TASK DIRECTIONS ▸ Give the records again in full, exactly as they appear, but without the pictures.

Top of WORKING DATA

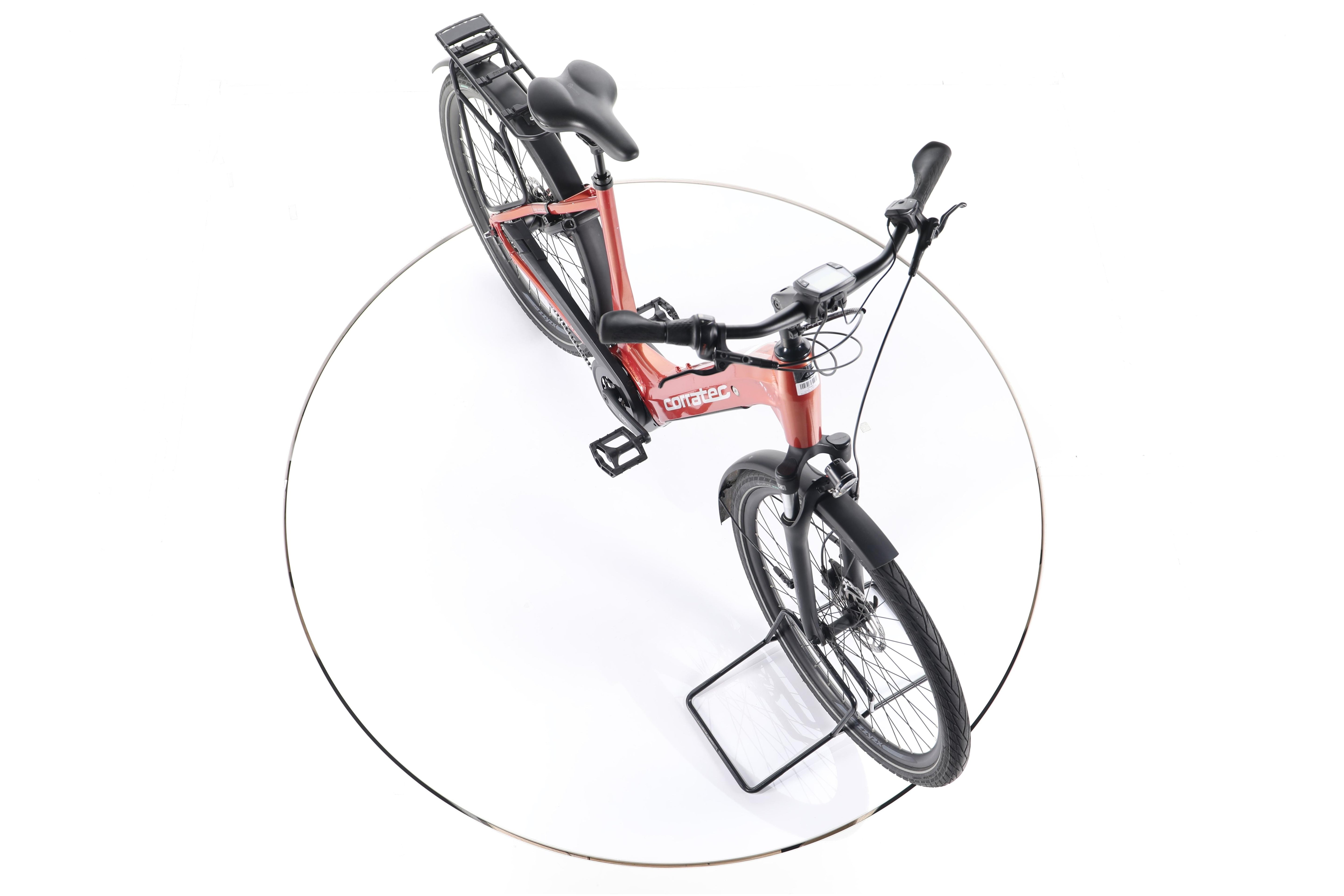Corratec E-Power Trekking 28 City E-Bike Tiefeinsteiger - Image 15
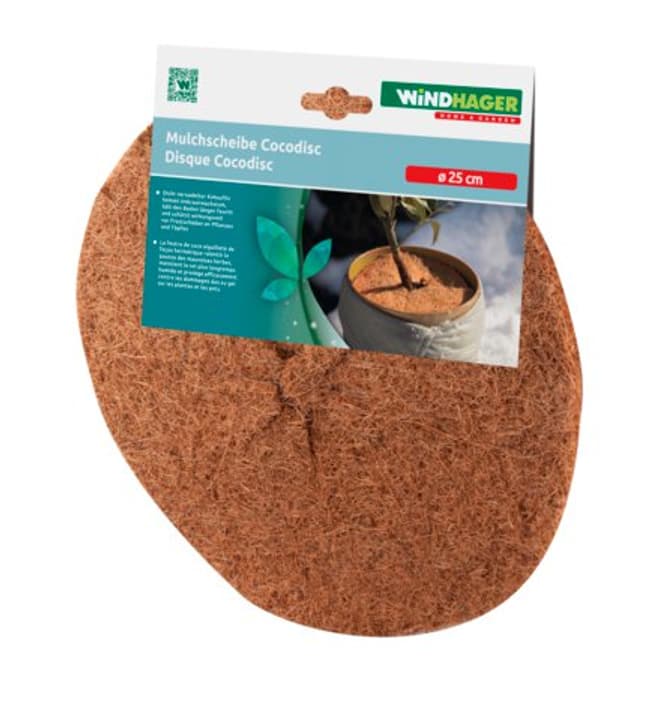 Image of Windhager COCODISC ø 25 cm Mulchscheibe bei Do it + Garden von Migros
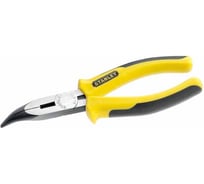 Плоскогубцы DynaGrip с изогнутыми губками 200 мм Stanley 0-84-072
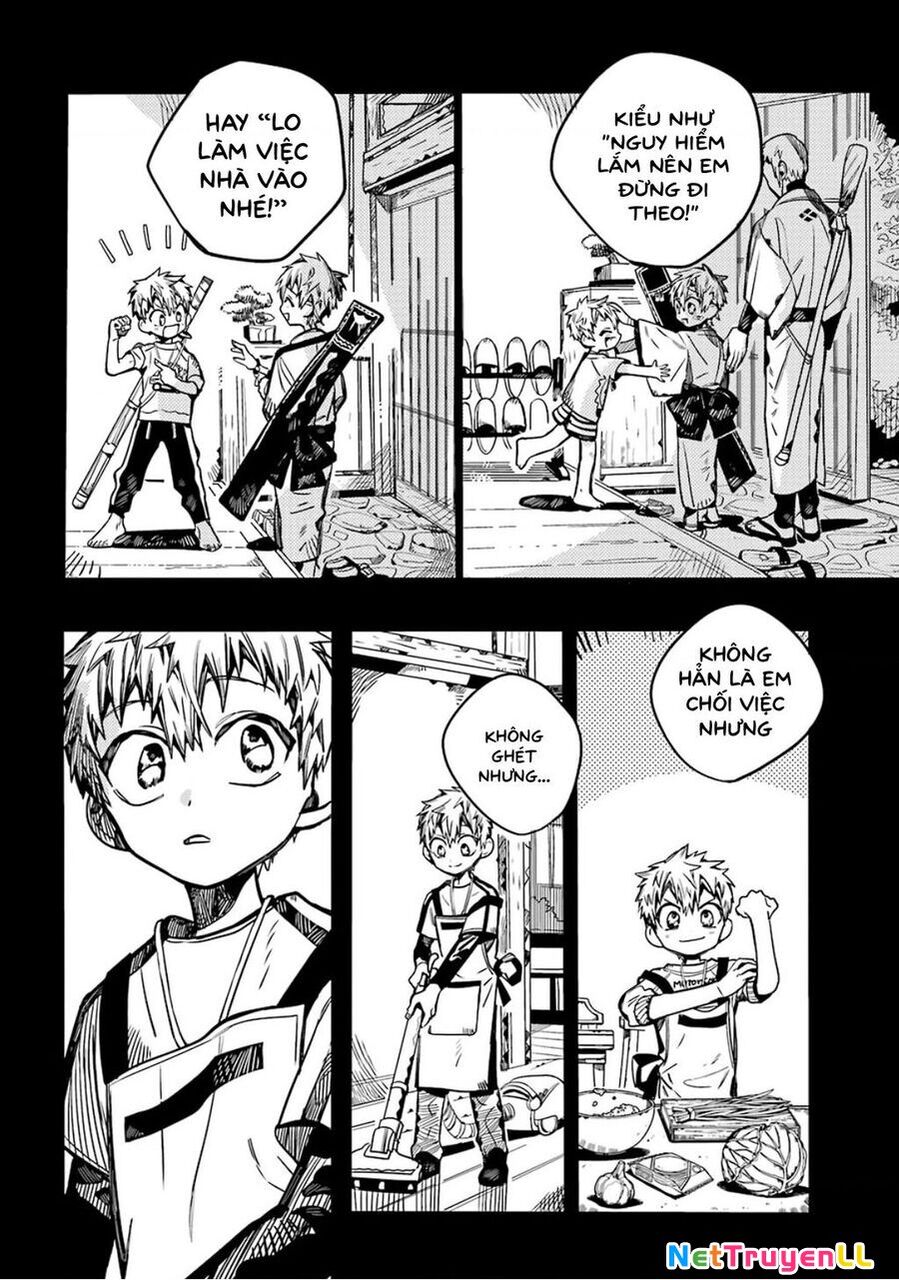 Hanako-Kun Nhà Xí Chapter 87 - 19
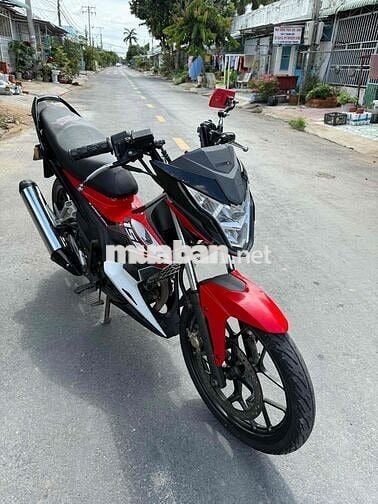 HONDA SONIC FI 150. 2019. 1 chủ mua mới. xe zin
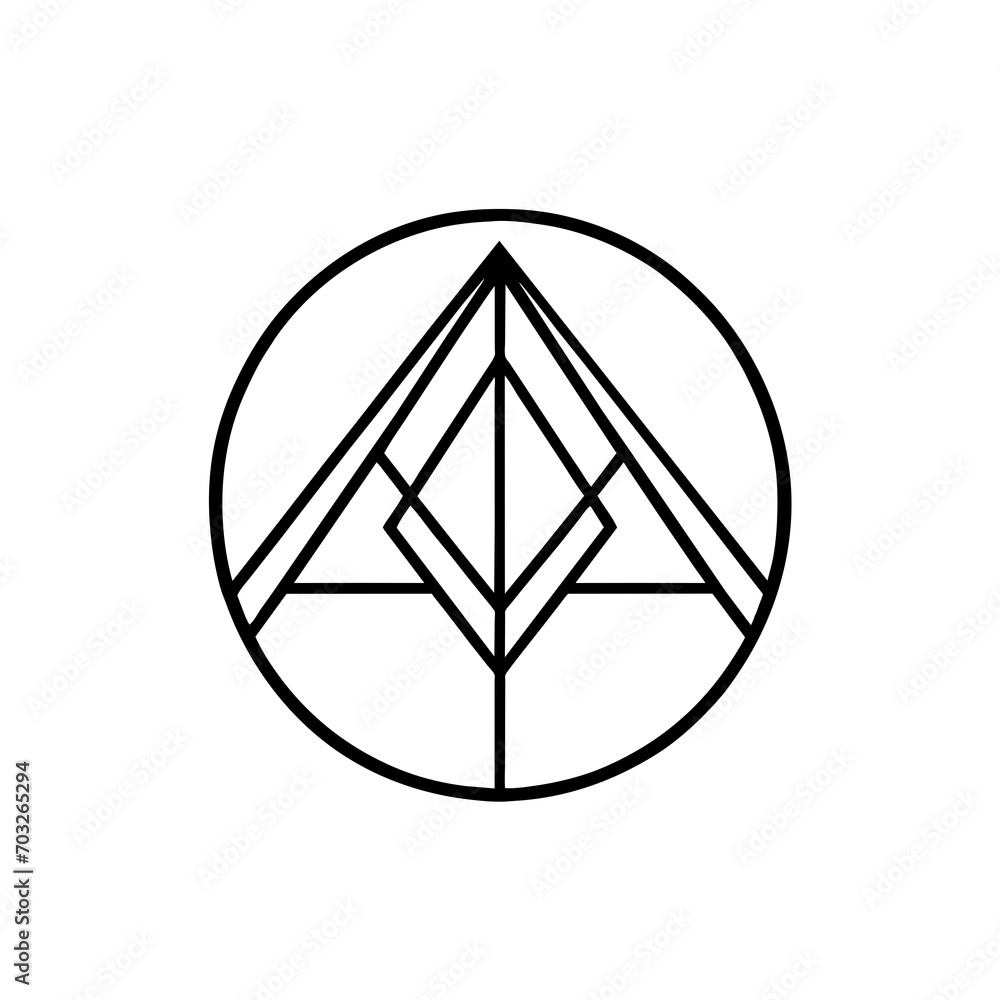 3d mountain logo 3d mountain logo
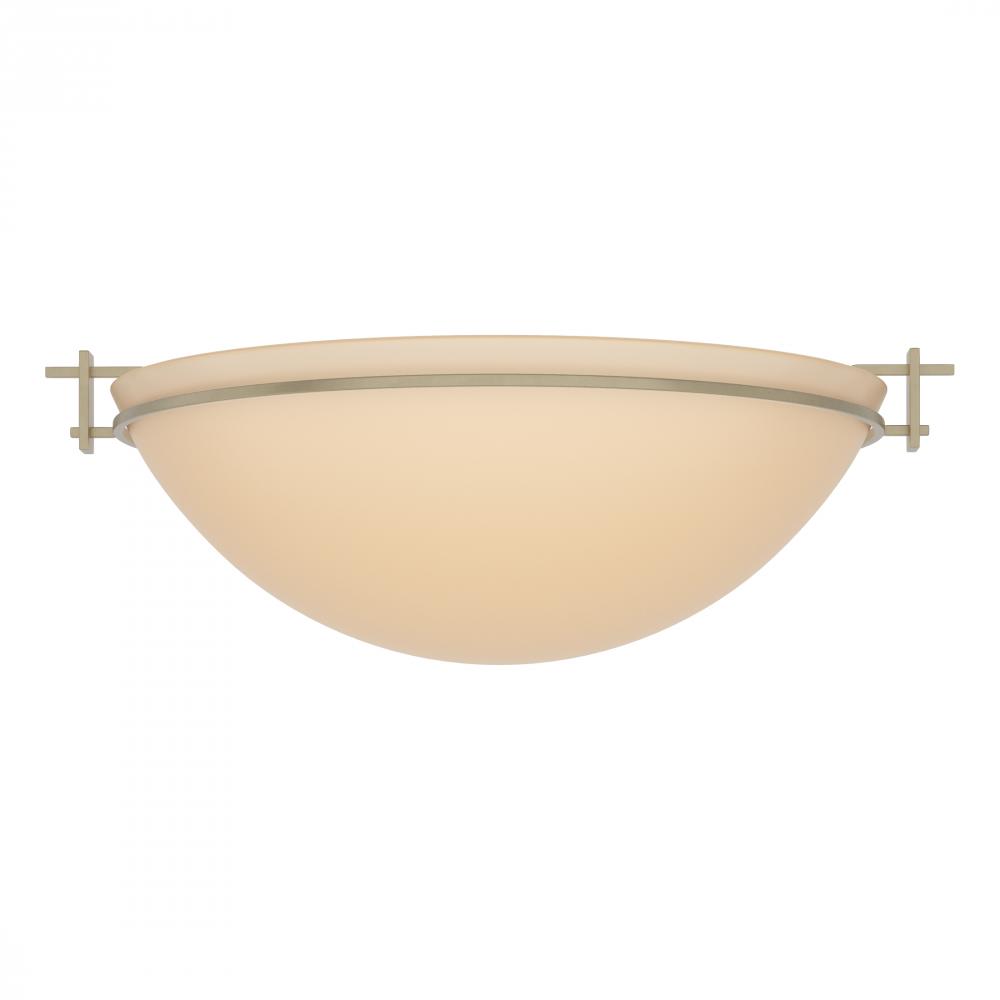 Moonband Large Semi-Flush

Bottom of WORKING DATA

SOLVED EXERCISE ▸
Corratec E-Power Trekking 28 City E-Bike Tiefeinsteiger - Image 15
 Image of Windhager COCODISC ø 25 cm Mulchscheibe bei Do it + Garden von Migros
 Плоскогубцы DynaGrip с изогнутыми губками 200 мм Stanley 0-84-072
 Hanako-Kun Nhà Xí Chapter 87 - 19
 HONDA SONIC FI 150. 2019. 1 chủ mua mới. xe zin
 3d mountain logo 3d mountain logo
 Moonband Large Semi-Flush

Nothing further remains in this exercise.